6 Stocks At High Risk In A Trade War

President Trump's escalating trade war is especially bad news for a number of U.S. companies that have significant sales in the Chinese market. According to Barron's, stocks that are in particular danger if the trade war expands include these six large caps: Archer-Daniels-Midland Co. (ADM), Deere & Co. (DE), Nike Inc. (NKE), Apple Inc. (AAPL), Yum! Brands Inc. (YUM), and Starbucks Corp. (SBUX). 

All six of these stocks plunged with the S&P 500 (SPX) on Thursday, and their mixed results today illustrated continued uncertainty about the scope and impact of a trade war. As of 2:45pm trading on the NYSE: Apple, Deere and Starbucks were down 1 percent or more, Yum! Brands was unchanged, and Nike and Archer-Daniels-Midland were up as much as 2 percent.

Investors' concern is that China will retaliate with its own trade barriers due to the President's plan to impose tariffs on as much as $60 billion in Chinese products. China launched the opening salvo with plans to impose tariffs on about $3 billion in American goods. The level of that concern is illustrated by a CNBC Fed Survey in which 66% of respondents say that President Trump's trade policies are bad for economic growth. The respondents included economists, fund managers, and strategists.

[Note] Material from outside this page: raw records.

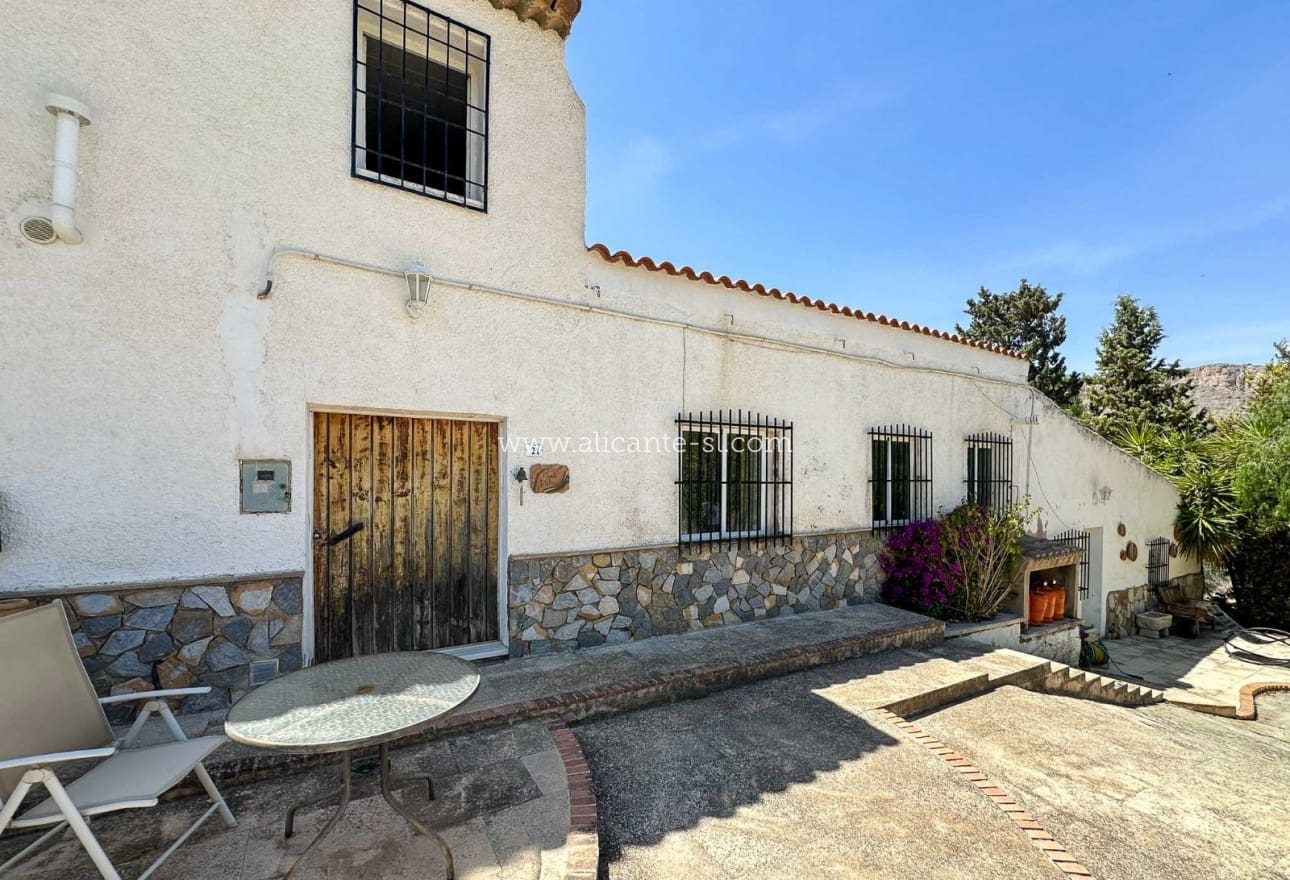 4 sovrum Finca/Hus på landet till salu i La Romana med pool - 199 000 € (Ref: 8327066)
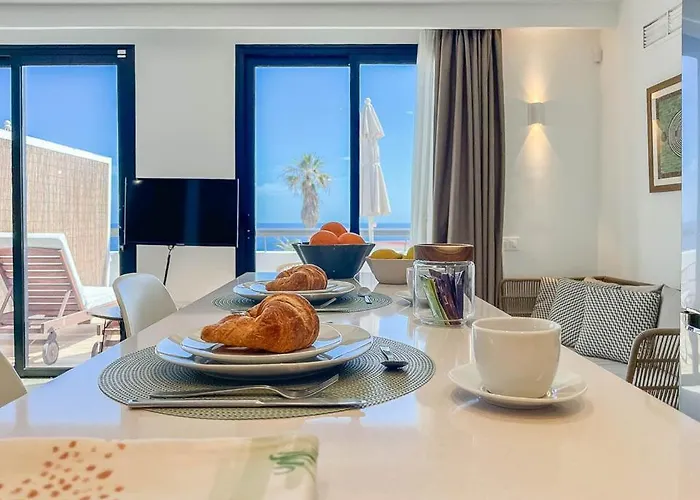 Apartamento Edem piscina climatizada Playa del Hombre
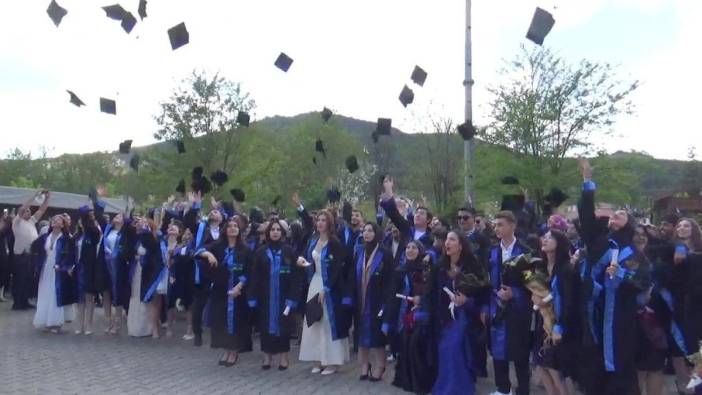BAİBÜ Mudurnu MYO'da 26. dönem mezuniyet coşkusu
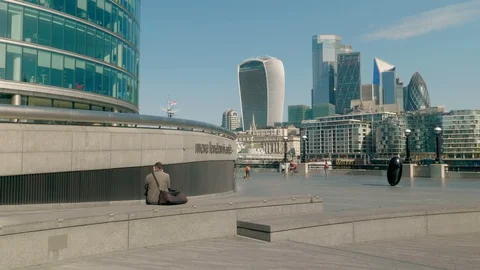Old man sitting alone watching London's Skyline during the Covid pandemic, Stock Footage 129309361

Trade War Backlash On Stocks

Part of China's response, should Trump make good on his tariff threat, might be to import less food from the U.S., turning to other nations instead. David Riedel, who heads independent equity research firm Riedel Research, indicates in a note cited by Barron's that Archer-Daniels-Midland, a leading processor of U.S. farm commodities, as well as farm equipment maker Deere, could be among those U.S. companies that are damaged. The bigger picture is that China is the second-largest market for U.S. farmers, buying over $21 billion of U.S. agricultural products in 2016, CNBC reports.

Encouraging Consumer Boycotts

"Beijing has a long history of initiating or supporting consumer boycotts in support of national objectives," Riedel writes in that note, as quoted by Barron's. That's why various U.S. consumer brands that have gained ground in China may be at risk. These include athletic apparel maker Nike, computer and smartphone maker Apple, fast food operator Yum! (the parent of KFC, Taco Bell, and Pizza Hut), and coffee shop chain Starbucks. Sales of Japanese cars fell precipitously in China in the wake of 2012 tensions over island claims, Riedel indicates, though they recovered a few quarters later.

Industries in Danger

Credit Suisse has noted that the American auto, industrial, and retail industries will suffer in a trade war - affecting a large number of major U.S. stocks - because they are highly dependent on global supply chains. The result is bound to be a combination of rising input costs, due to tariffs, and possibly also supply restrictions. Meanwhile, as with Deere, retaliatory tariffs, import restrictions, or boycotts initiated by China will weigh heavily on U.S. auto and industrial exports to that market. While Credit Suisse believes that U.S. tech companies generally will weather the storm, Apple is a prime example of one that may take a hit. (For more, see also: Why Techs, Banks May Outperform In a Trade War.)

In addition to U.S. farms, with $21 billion of exports to China in 2016, CNBC names the next four biggest targets for retaliation by China. These are, with their 2016 exports to China: aircraft, $15 billion; electrical machinery, $12 billion; machinery, $11 billion; and vehicles, $11 billion.

U.S. Jobs at Risk

Data from the U.S. Department of Commerce cited by CNBC indicates that about 910,000 jobs in the U.S. are supported by exports to China, 600,000 in goods and 310,000 in services. On Sunday, 45 trade associations that include a number of major U.S. companies sent a letter to President Trump warning that tariffs on imports from China would increase consumer prices, cause job loss, and damage stock prices, CNBC adds.

Top Wall Street Fear

"The balance of risk for equities has moved from the Fed to the White House," writes Art Hogan, chief market strategist at B. Riley FBR, as quoted in another CNBC story. He was commenting on the recent CNBC Fed Survey, in which 75% of respondents (who include economists, fund managers, and strategists) say that they worry about a trade war, and while 66%, as mentioned, said that President Trump's trade policies are bad for economic growth. Regarding NAFTA, 80% of those surveyed say that leaving the agreement would be negative for the U.S., with 48% indicating that it would be very negative.